| Extracted data |
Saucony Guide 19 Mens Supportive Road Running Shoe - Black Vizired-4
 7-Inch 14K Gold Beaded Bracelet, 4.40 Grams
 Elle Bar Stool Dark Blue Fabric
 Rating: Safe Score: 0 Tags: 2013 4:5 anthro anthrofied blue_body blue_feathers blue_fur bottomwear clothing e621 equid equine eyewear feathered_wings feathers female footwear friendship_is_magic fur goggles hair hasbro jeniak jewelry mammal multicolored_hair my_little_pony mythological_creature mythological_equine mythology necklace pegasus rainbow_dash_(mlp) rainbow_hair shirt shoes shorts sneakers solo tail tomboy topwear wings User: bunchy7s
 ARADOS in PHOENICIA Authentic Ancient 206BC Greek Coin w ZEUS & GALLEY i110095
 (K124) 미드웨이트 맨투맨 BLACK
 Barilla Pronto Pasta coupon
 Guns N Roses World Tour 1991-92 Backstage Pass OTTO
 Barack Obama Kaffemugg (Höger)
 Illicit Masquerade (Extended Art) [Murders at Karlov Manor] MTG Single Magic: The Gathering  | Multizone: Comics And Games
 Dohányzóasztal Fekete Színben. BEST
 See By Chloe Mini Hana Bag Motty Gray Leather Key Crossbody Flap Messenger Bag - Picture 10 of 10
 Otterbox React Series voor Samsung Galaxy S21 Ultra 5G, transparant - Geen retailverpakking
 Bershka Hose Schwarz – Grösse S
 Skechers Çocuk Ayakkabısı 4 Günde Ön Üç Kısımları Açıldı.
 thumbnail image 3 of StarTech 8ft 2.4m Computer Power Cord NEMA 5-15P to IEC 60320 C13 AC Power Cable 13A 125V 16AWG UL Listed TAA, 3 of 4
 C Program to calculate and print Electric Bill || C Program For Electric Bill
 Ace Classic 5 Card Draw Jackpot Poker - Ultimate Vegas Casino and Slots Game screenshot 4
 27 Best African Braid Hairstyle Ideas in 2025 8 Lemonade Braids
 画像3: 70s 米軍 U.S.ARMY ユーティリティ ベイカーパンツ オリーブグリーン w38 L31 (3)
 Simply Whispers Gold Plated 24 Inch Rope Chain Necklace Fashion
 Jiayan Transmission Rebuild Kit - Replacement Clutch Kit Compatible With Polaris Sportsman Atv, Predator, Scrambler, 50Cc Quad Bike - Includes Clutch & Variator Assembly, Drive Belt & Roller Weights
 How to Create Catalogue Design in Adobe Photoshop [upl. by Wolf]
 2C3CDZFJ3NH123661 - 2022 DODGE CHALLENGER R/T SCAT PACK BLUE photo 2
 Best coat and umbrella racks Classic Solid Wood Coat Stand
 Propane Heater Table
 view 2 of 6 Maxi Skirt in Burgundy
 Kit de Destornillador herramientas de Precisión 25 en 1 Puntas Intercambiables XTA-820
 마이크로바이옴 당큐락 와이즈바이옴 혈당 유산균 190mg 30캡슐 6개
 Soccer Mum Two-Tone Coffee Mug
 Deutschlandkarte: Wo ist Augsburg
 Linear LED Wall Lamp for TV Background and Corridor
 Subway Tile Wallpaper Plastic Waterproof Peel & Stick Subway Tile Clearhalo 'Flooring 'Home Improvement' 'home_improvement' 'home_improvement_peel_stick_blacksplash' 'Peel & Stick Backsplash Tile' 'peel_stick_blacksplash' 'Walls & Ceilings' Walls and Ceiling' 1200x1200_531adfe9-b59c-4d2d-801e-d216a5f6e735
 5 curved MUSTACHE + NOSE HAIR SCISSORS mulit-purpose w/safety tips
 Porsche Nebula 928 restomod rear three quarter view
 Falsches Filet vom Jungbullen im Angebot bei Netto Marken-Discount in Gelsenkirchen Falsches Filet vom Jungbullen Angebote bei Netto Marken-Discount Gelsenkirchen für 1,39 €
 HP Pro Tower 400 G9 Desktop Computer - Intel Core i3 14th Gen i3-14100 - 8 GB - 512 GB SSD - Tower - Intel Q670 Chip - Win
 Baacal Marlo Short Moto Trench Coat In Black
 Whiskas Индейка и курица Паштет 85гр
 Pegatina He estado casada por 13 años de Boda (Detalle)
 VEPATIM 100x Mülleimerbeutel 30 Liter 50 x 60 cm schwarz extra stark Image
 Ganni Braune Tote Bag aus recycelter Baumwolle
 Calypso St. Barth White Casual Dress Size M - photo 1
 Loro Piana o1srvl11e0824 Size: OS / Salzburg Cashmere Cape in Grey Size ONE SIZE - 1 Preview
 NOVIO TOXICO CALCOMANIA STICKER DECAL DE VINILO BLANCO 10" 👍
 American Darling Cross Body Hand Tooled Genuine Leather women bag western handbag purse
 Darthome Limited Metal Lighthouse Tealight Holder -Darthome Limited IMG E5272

| What the task asks |
Write out exactly the lines from the beginning of the material above through the line with "Elle Bar Stool Dark Blue Fabric", including both and omitting all others.

| Expected answer |
Saucony Guide 19 Mens Supportive Road Running Shoe - Black Vizired-4
 7-Inch 14K Gold Beaded Bracelet, 4.40 Grams
 Elle Bar Stool Dark Blue Fabric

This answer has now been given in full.